Delhi has bloated like a middle-aged woman. Spread out in huge, ugly tyres of colonies. The houses are ugly. Every façade is from a dream sequence of some Bollywood film. But inside, there is usually warmth lined heavily with calculated moves at assessing who you are and your status in society. Discretion is definitely not a Delhi thing. Feeling free is.
For instance, men do not hesitate one bit to relieve themselves on the broad footpaths of Lutyens’ avenues. I thought they were mainly gardeners or policemen. But no. On a cold winter night, a savvy dude will step out of his Merc and do the same.
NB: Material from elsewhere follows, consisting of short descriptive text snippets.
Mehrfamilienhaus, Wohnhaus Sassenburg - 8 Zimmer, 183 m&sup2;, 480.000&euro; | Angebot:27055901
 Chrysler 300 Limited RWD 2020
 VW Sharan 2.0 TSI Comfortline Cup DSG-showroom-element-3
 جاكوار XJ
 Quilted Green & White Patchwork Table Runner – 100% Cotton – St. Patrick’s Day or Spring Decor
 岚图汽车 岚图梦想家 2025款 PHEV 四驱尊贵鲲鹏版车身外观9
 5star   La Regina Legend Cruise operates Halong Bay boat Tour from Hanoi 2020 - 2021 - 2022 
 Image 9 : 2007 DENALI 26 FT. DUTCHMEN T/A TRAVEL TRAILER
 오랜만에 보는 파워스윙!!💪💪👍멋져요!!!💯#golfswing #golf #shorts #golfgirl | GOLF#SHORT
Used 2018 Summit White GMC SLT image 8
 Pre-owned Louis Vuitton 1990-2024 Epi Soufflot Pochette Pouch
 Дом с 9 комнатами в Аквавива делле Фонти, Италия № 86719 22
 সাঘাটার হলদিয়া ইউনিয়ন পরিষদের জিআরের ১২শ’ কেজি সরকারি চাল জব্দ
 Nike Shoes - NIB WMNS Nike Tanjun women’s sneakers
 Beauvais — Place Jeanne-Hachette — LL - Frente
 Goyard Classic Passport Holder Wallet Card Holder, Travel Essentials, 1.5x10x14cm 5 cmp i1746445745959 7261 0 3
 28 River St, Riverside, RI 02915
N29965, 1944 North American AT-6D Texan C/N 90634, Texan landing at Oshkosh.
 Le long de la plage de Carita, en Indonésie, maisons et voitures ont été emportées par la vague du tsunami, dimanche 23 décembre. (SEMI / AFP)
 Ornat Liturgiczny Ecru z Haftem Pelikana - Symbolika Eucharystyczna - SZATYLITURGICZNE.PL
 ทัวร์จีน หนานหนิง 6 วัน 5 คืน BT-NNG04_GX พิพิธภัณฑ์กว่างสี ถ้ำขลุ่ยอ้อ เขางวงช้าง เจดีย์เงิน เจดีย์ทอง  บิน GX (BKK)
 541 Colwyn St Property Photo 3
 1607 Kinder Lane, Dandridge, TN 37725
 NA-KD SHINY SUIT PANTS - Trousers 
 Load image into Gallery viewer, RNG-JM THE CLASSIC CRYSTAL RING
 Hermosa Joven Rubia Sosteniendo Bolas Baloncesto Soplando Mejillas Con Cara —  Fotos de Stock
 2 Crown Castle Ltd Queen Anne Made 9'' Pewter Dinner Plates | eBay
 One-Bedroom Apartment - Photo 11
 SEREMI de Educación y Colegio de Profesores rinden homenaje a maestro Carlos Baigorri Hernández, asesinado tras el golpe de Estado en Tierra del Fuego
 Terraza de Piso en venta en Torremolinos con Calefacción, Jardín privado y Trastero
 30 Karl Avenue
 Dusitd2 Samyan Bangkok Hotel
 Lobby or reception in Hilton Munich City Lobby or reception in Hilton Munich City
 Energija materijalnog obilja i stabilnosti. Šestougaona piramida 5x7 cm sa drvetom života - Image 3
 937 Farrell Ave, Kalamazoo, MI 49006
Delhi is not for single women, they say. True and false. Thirty years here have taught me that most men are slightly shy of single women and (only slightly) respectful too. Getting a water meter in the ’70s found me being tossed from one desk to another in the Water Department, until I reached a man who asked me for a ‘file’. A friend laughed and said he was too embarrassed to ask for twenty. "Put it in the file and your job is done." So it was. Neighbours were the same. ‘Shy’.
Yet, wonderful things happen in this city. Shows, talks, concerts in parks, weddings, walks, seminars, films, theatre, galleries. Intelligent, sensitive people debate the fate of India and its politicians like they are one’s neighbours. Which they are! Pompous know-alls have the answers to our problems. Decent friends and upright bureaucrats force one to acknowledge the strength of this country too. Not everyone is selfish.
So what if every Delhiite wants a car? Every ‘Madrasin’ wants to have idli. What’s the difference? To each his own. No one can take away from the chill air at a garden or monument where the country’s best artists perform. Or from the joys of chaat and golgappas at Bengali Market. All this, while those who will, topple governments. These are the cards that Delhi deals. Like any other situation in life, choices have to be made and enjoyed.